Google has engineered Trillium to scale easily, enabling the connection of up to 256 chips in a single pod. This scalability, coupled with Google's Jupiter datacentre network, allows for near-linear scaling of AI training tasks across thousands of chips.

"Trillium can scale up to 256 chips in a single high-bandwidth, low-latency pod using high-speed interchip interconnect. From there, you can scale to hundreds of pods, connecting tens of thousands of chips in a building-scale supercomputer, interconnected by our 13 Petabit per second Jupiter datacentre network," the company says.

"With Multislice software, Trillium enables near linear scaling of performance for training workloads across hundreds of pods.

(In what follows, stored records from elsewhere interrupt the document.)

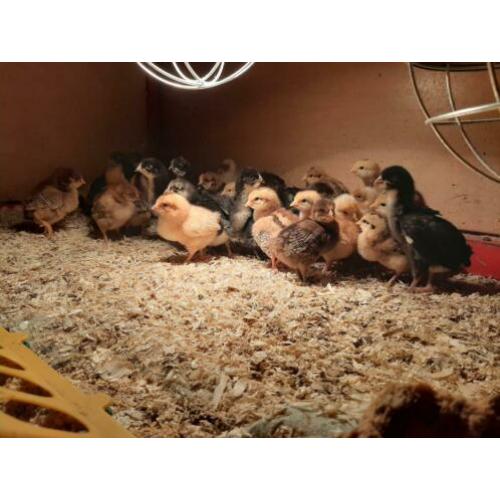 Kuikens Bruine Legkip en Barnevelder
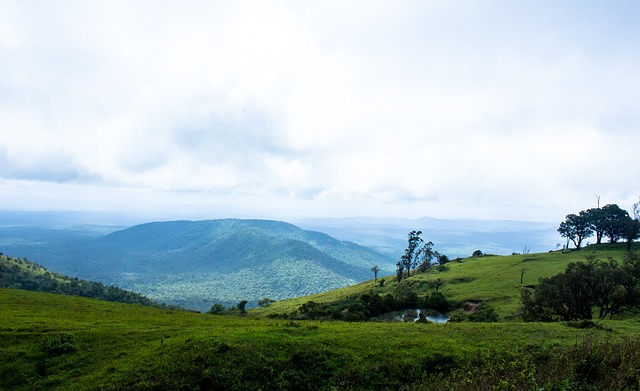 但缺失此前 但缺失此前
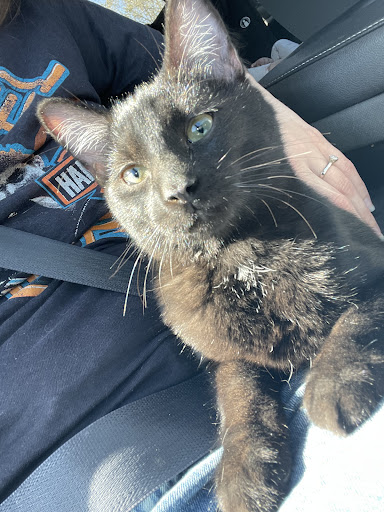 Animal Shelter «The Humane Society of Greater Kansas City», reviews and photos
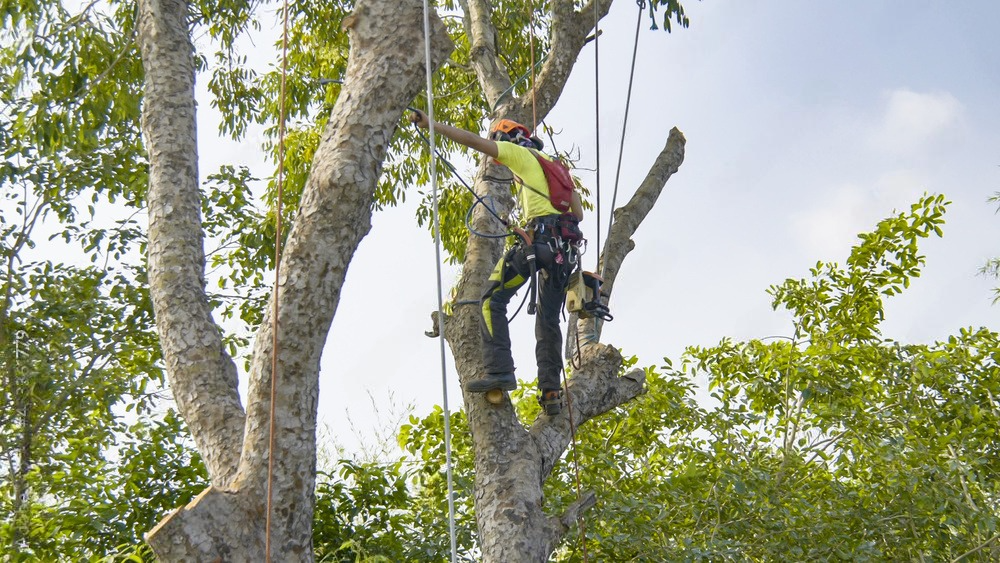 a man is climbing a tree with a chainsaw .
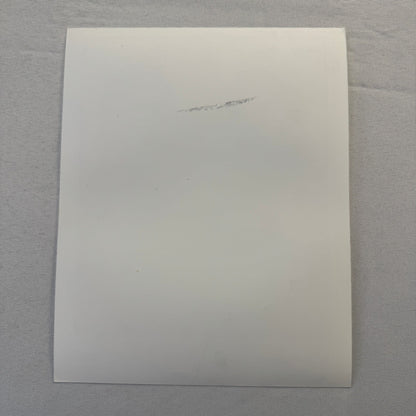 Oasis Publicity Press Photo Photograph Liam Gallagher Noel Gallagher 1997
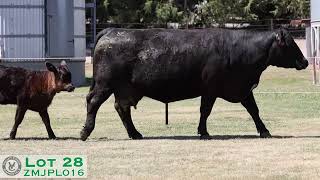 Lot 28 ZMJPL016 VC Simmentals Online Herd Reduction Sale 2024 [upl. by Utica224]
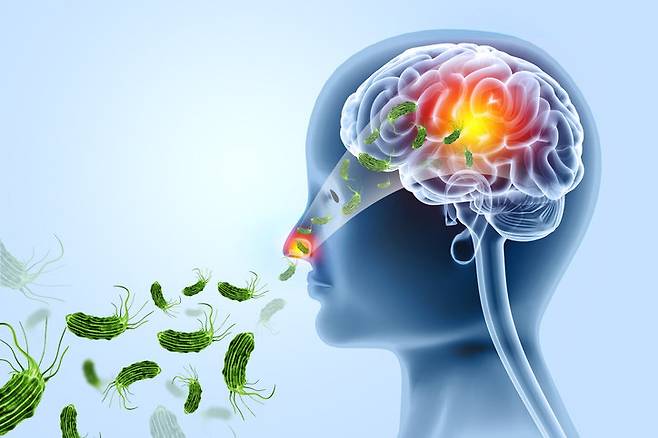 뇌 먹는 아메바 감염 경로 이미지. 사진=게티이미지코리아.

As the most flop-dense TPU to date, Trillium packs 91 exaflops of unprecedented scale in a single TPU cluster. This is four times more than the largest cluster we built with TPU v5p."

Google also claims a 67% increase in energy efficiency compared to previous generations.

While Trillium is a significant step forward for Google's AI hardware, the company is also embracing Nvidia's latest GPU technology.

Google Cloud is introducing A3 Ultra VMs, powered by NVIDIA H200 Tensor Core GPUs. These VMs offer significant performance and memory capacity improvements, making them ideal for demanding AI and HPC workloads.

"We've been using A3 Mega GPUs powered by NVIDIA H100 Tensor Core GPUs on Google Cloud to power our ML services across multiple regions. We are now excited to try out A3 Ultra VMs powered by NVIDIA H200 Tensor Core GPUs, which we expect will further reduce latency and enhance the responsiveness of JetBrains AI Assistant," said Uladzislau Sazanovich, Machine Learning Team Lead, JetBrains.

Google is also investing in software solutions like Hypercompute Cluster, a unified platform for AI training and inference, and Hyperdisk ML and ParallelStore, high-performance storage solutions tailored for AI and HPC workloads.

Moreover, Google Cloud is preparing infrastructure to support NVIDIA's upcoming Blackwell GB200 NVL72 GPUs, which hyperscalers are expected to adopt in early 2025. When released, these GPUs will integrate with Google's Axion-processor-based VM series, using Google's custom Arm processors.